2. Keep a running list. Seriously. I can’t emphasize this one enough. Keep a document (mine’s in DropBox) or a draft email or whatever you want, where you write down every present idea you ever have for anyone at any time in the year. This includes generic present ideas with no recipient in mind. Good presents are good presents. You never know when an opportunity will present itself.* You probably won’t use most of your ideas — sometimes when you give yourself time to calm down about an initially exciting idea, you realize it wouldn’t, after all, be quite the thing. But it helps to have some stuff noted down. When late November rolls around and you have to get down to brass tacks and figure out presents, it is handy to have some ideas about, at the very least, the different possible genres of gifts.

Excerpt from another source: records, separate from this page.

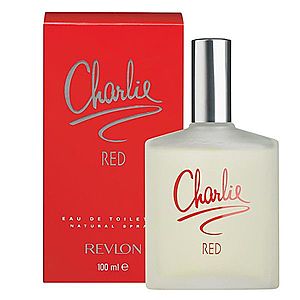 Revlon Charlie Red - EDT obraz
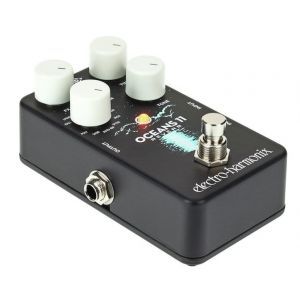 Electro-Harmonix Oceans 11 Reverb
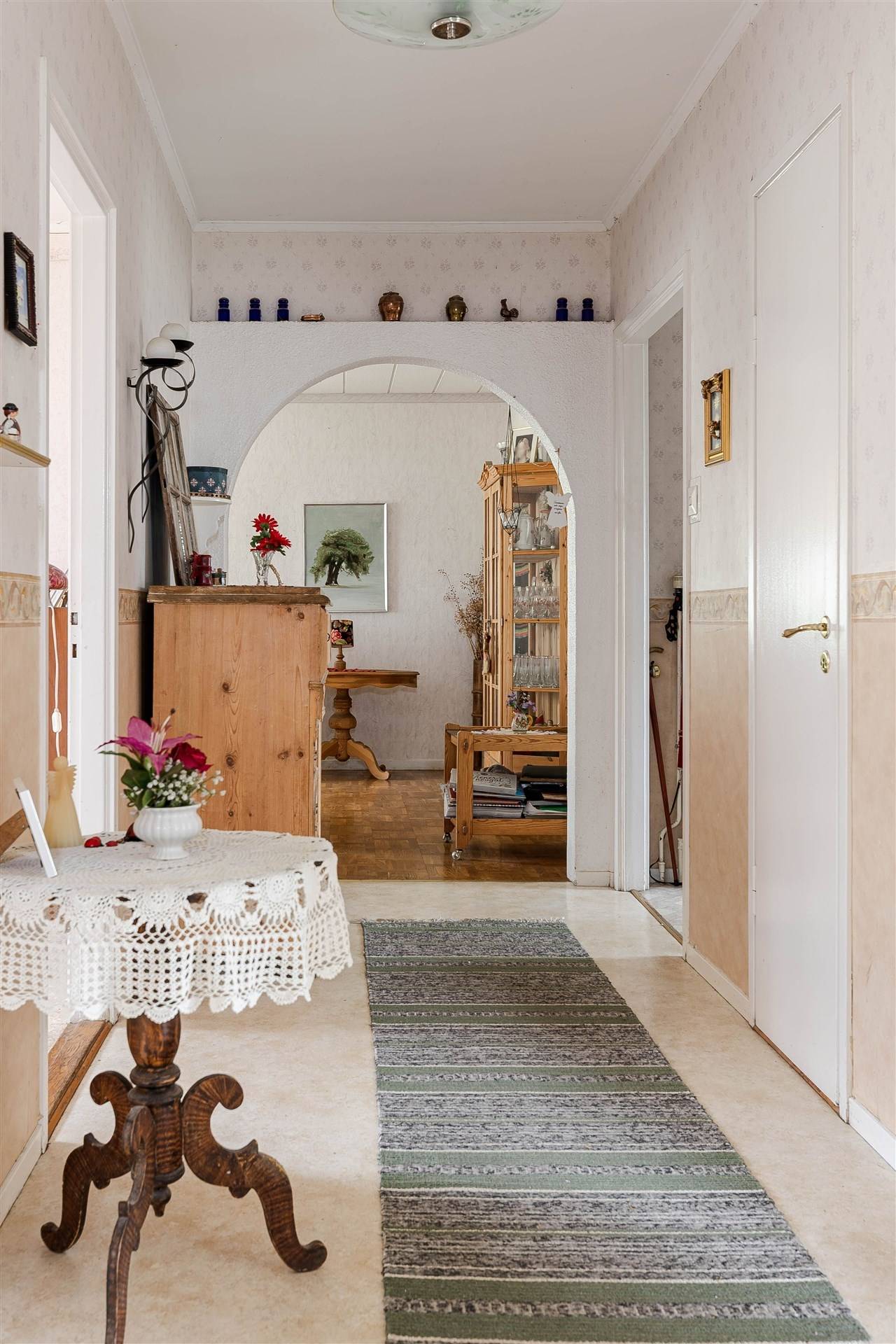 4 rum Villa på Erik Lars vägen 5 Väster Hudiksvalls kommun - bild 7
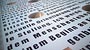 Digitaldruck, Fassadenbeschriftung Berlin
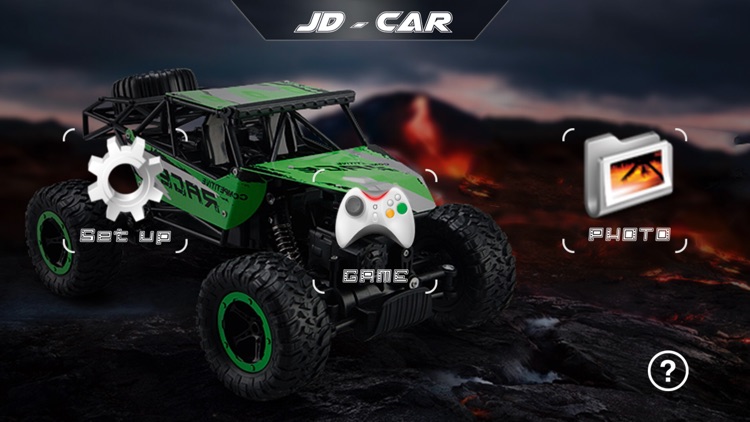 JD-CAR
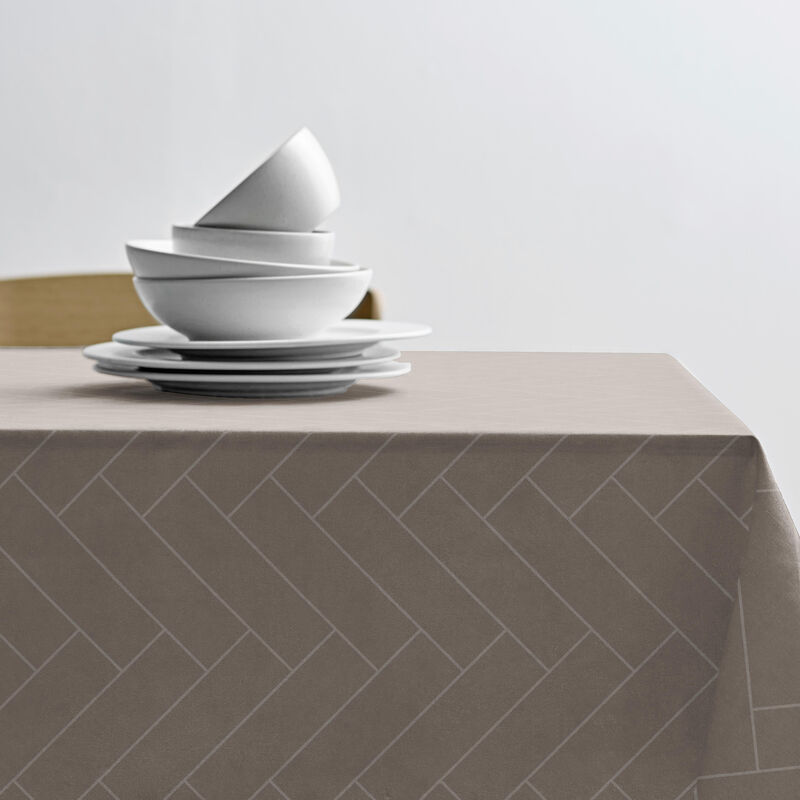 Tiles Damask Dug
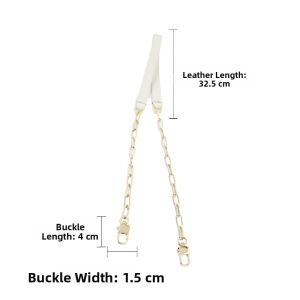 YUESIHUI | Dior Lady Dior Bag Chain Strap Replacement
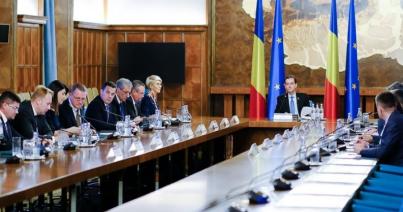 Hétfőtől kezdődik az újabb Orban-kormány miniszterjelöltjeinek meghallgatása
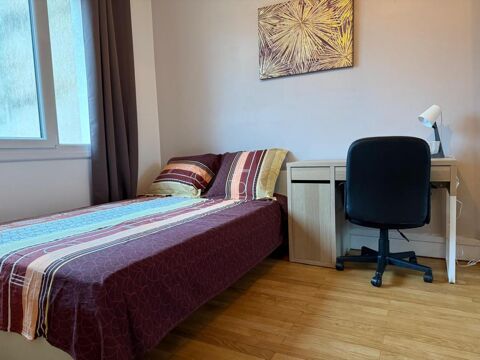  Appartement � louer 3 pi�ces 63 m�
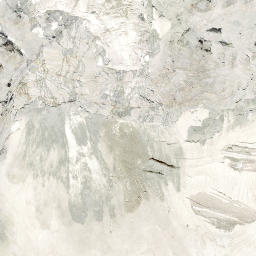 Satellite imagery of Arête des Quatre Ânes, CH
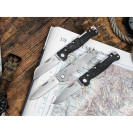 Складной нож Boker 01BO866 Atlas Backlock Clippoint
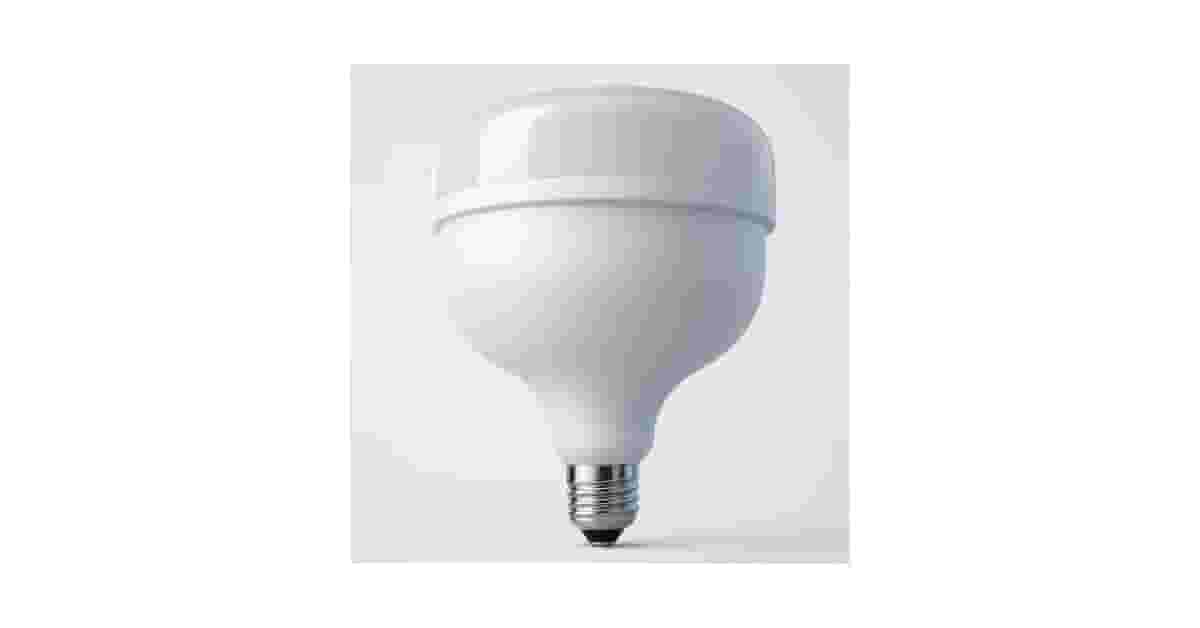 Qual a Melhor Lâmpada de LED Para Cozinha? Teto e Bancada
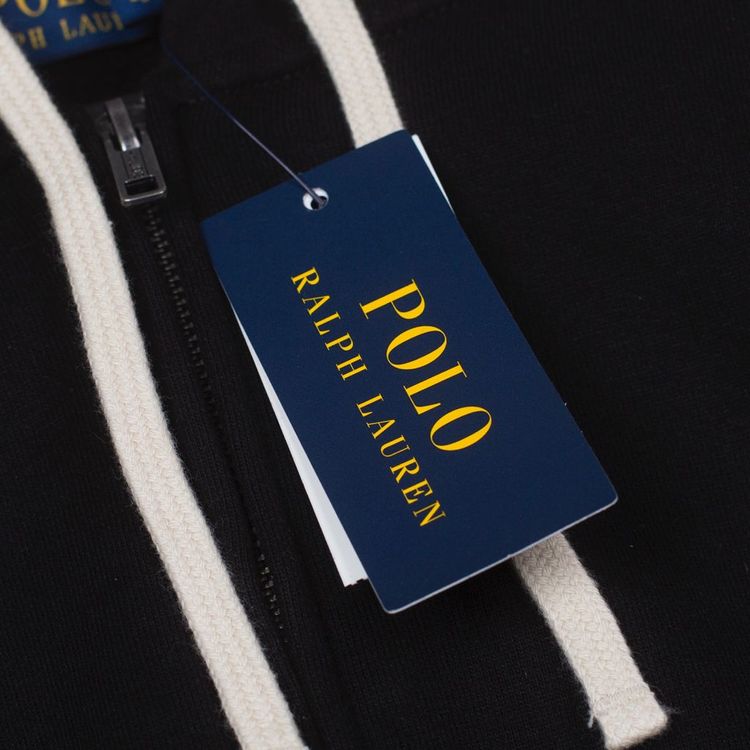 [XL]폴로랄프로렌 후리스 후드 집업 팝니다 이미지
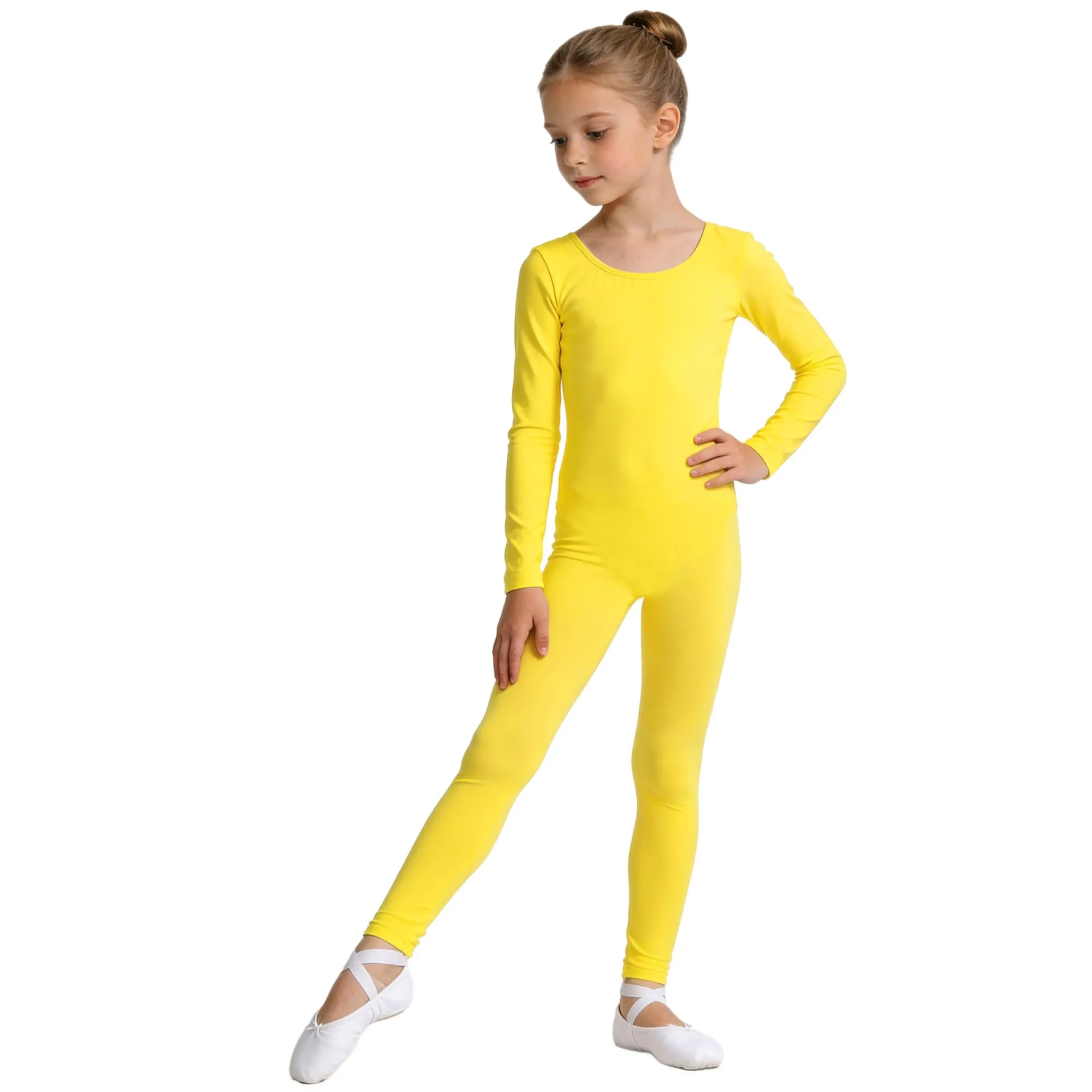 Wildarms body - ZP12476-JUMPSUITS-YELLOW-7/9 - immagine 1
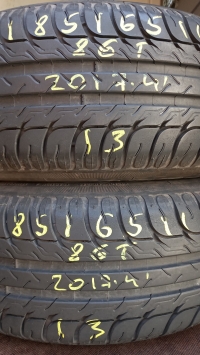 BF Goodrich G-Grip 86T(17.41) 185/65 R14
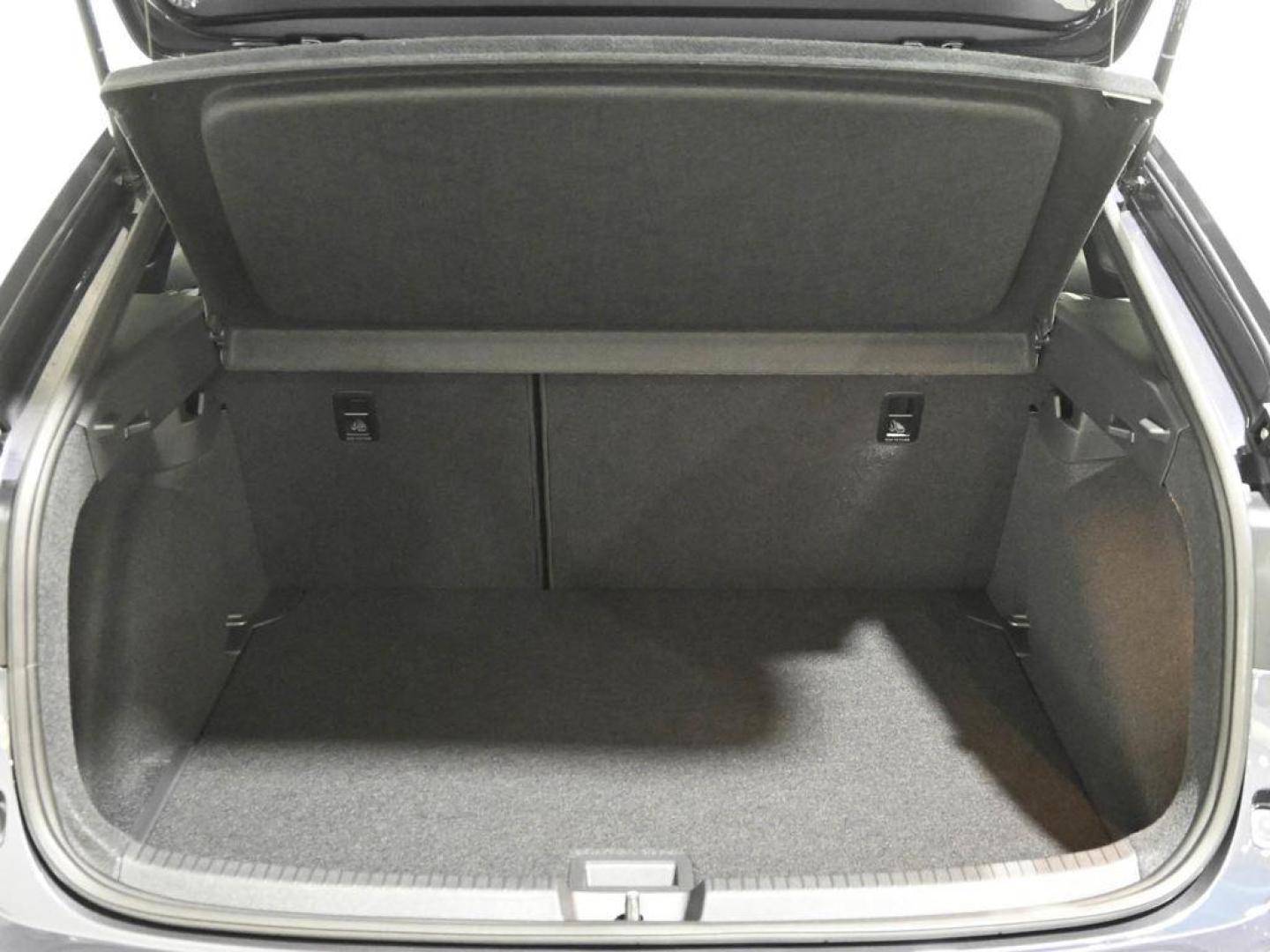 Volkswagen Taigo R-Line 1.0 TSI 81 kW (110 CV)
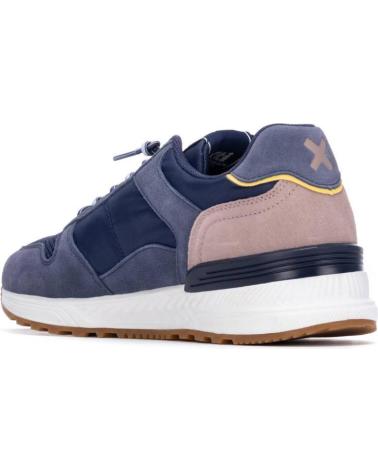 XTI 144147 NAVY BLUE SNEAKERS NAVY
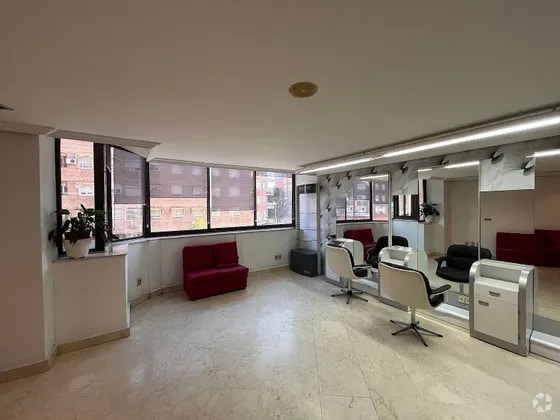 Retail in Talavera de la Reina, Toledo for lease Interior Photo- Image 1 of 2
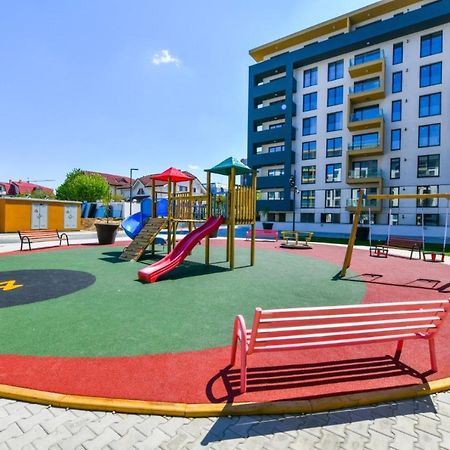 North Likehome Comfort Bucarest Esterno foto
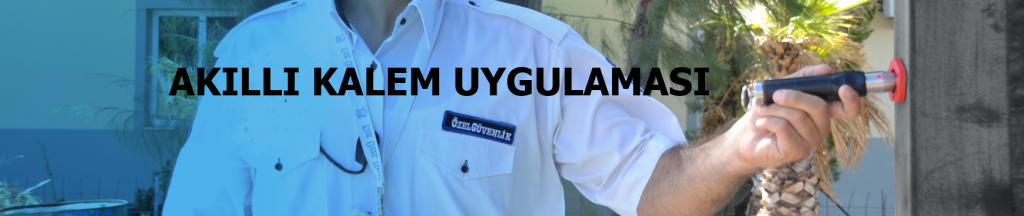 Çevre Güvenlik Sistemleri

3. Listen to what the people on your gift list are saying about their lives. This is the reason I can’t be of immediate help with your hard-to-buy-for sister/grandfather/aunt. You have to have been paying attention to them all along. People talk about stuff they want. They just do. Keep a weather eye open and you will garner thousands of gift ideas. They wish they had more fun scarves. They’d like to read more about modern urban planning. People complain about things they don’t have. Their walls are too bare. Their television reception is crappy. They can’t find a good pair of gloves. This is all fodder for the List, people. If you’ve been paying attention to this, then when your coworker starts raving about the best pair of gloves in existence, BAM! Gift idea. And everybody loves to receive a gift that says I gave weight to the things you said lightly. (I know because it has happened to me.)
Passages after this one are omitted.